SPINE

Thursday, November 29, 2012

Normalizing failure

I sometimes wonder if the Buddha took a (calculated or not) risk in turning his back on the certainties and comforts of a princely life, and take up the no-success-guaranteed life of a hearth-less wanderer, heel-bent on understanding the conditions of human suffering.

Was he braced for failure? What if he really didn't attain that ultimate of all the wonders that a human mind could possess--the gift of enlightenment? Would he have roamed the land telling tales of his failure? would those tales have served humanity better in the long run than the extant tale of the infallible mendicant? 

Fallibility is the core principle behind an emergent concept in the field of social development--innovation and progress, in life as in institutions and businesses, can unfold only when risks in these areas are undertaken; and to undertake a risk is to embrace the possibility of intense failure. 

In a global culture where the regnant paradigms of life and success are those of market capitalism--succeed in terms of dollars and cents or perish in shame--failure, as technology and innovation expert Wayan Woda says, is "literally the f-word in development." 

Woda organized the third annual conference called FAILFaire.
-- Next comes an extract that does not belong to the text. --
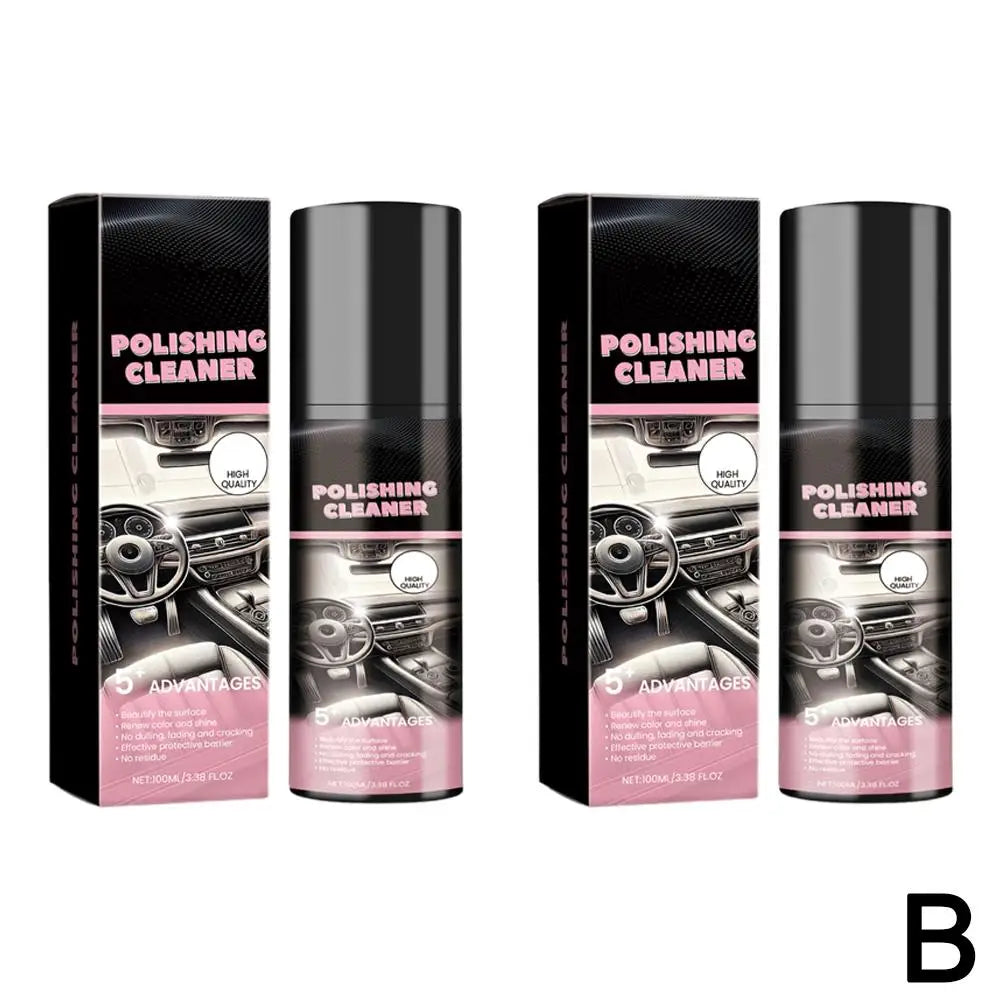 Spray Limpador Polidor de Interior 100ml - Proteção UV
The idea behind FailFaire is: 

To highlight, even celebrate, instances of failure in the field of social change as an integral part of the process of innovation and, ultimately, progress.

Failure is not only an f-word in development, but also a stinging f-word in culture. It's deemed to be the opposite of success. However, as experts in the world of development show, success is not a smooth linear movement from good to better to best, but a many faceted, non-linear journey an important part of which is failure.

Returning to the Buddha: What if he were to share with humanity his varied experiences, including those where he utterly failed, in making his enlightenment project?